SAT Math Multiple Choice Question 165: Answer and Explanation
15. Which of the following lines contains all points equidistant from the points (0, 4) and (8, 0) in the xy-plane?
- A. 2y = -x + 8
- B. 2y = x
- C. y = 2x - 6
- D. y = -2x
Correct Answer: C
C First, start with a sketch of the two points to see what the line in question might look like.

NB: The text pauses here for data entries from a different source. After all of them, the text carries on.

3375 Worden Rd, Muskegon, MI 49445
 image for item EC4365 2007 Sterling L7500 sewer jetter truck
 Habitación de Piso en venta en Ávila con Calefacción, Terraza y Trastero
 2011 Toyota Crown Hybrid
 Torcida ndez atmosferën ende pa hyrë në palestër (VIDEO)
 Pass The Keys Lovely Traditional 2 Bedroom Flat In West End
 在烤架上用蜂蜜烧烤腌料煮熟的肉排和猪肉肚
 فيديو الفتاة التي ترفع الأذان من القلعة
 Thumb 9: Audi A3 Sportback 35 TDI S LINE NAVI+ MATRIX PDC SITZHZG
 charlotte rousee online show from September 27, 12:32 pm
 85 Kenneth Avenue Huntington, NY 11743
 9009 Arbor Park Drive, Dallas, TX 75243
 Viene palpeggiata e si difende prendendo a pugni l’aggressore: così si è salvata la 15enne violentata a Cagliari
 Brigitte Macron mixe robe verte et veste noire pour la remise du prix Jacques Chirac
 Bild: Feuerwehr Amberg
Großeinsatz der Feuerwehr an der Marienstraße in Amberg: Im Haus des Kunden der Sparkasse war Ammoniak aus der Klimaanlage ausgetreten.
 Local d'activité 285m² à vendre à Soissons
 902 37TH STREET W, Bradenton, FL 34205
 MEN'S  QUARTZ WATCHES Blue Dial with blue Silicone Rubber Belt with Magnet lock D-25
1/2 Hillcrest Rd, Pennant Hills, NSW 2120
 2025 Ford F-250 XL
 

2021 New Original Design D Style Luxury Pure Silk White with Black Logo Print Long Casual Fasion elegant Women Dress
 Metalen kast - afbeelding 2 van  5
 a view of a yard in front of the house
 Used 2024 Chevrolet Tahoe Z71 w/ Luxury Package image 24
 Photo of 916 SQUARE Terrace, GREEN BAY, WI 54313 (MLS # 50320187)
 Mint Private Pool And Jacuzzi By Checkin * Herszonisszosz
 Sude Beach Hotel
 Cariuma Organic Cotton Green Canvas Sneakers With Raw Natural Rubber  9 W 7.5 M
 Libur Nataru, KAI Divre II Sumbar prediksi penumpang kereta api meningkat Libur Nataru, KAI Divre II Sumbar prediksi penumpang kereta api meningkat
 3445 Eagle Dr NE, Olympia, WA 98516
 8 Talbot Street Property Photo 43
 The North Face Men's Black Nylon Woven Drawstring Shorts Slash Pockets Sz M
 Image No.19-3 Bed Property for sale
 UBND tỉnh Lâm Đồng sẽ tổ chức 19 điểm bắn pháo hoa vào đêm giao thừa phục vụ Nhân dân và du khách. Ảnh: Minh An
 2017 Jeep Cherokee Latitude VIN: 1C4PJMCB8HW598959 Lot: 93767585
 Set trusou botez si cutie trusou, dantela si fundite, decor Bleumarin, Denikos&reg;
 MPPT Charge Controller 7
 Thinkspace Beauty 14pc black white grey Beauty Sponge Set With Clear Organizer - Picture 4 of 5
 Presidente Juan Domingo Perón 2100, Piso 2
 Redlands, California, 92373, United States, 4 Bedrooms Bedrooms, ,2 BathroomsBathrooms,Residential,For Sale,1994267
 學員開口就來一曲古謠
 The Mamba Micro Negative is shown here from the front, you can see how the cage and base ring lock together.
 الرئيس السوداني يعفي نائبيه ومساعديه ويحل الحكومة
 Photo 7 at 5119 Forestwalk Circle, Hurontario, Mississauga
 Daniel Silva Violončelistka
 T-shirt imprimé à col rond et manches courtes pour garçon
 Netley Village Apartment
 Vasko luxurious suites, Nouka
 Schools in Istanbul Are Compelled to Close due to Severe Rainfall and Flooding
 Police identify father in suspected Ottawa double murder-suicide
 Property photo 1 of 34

The point directly between the two points will definitely be on the line, so find the midpoint of the two points. Midpoint = (4, 2). Check this point in the answer choices and eliminate any that do not contain it. Choice (A) becomes 2(2) = -4 + 8 or 4 = 4, which is true. Choice (B) becomes 2(2) = 4, and (C) becomes 2 = 2(4) - 6 or 2 = 8 - 6. These are also true, but (D) becomes 2 = -2(4), which is false. Eliminate (D). To sketch the remaining equations, rewrite them in slope-intercept form of the equation y = mx + b, where m is the slope and b is the y-intercept. Choice (A) becomes y = -x + 4, (B) becomes y = x, and (C) is already in the right form. Now sketch the graphs of each of these on the xy-plane.
The line in (A) contains both the given points, but all the points to the left of (0, 4) are closer to that point and all those to the right of (8, 0) are closer to it. So eliminate (A). Many points on line (B) are also clearly closer to one or the other of the given points, so eliminate (B). Line (C) appears to be perpendicular to the line formed by the two given points, and this is in fact what will make all the points on a line equidistant from 2 given points. Therefore, the correct answer is (C).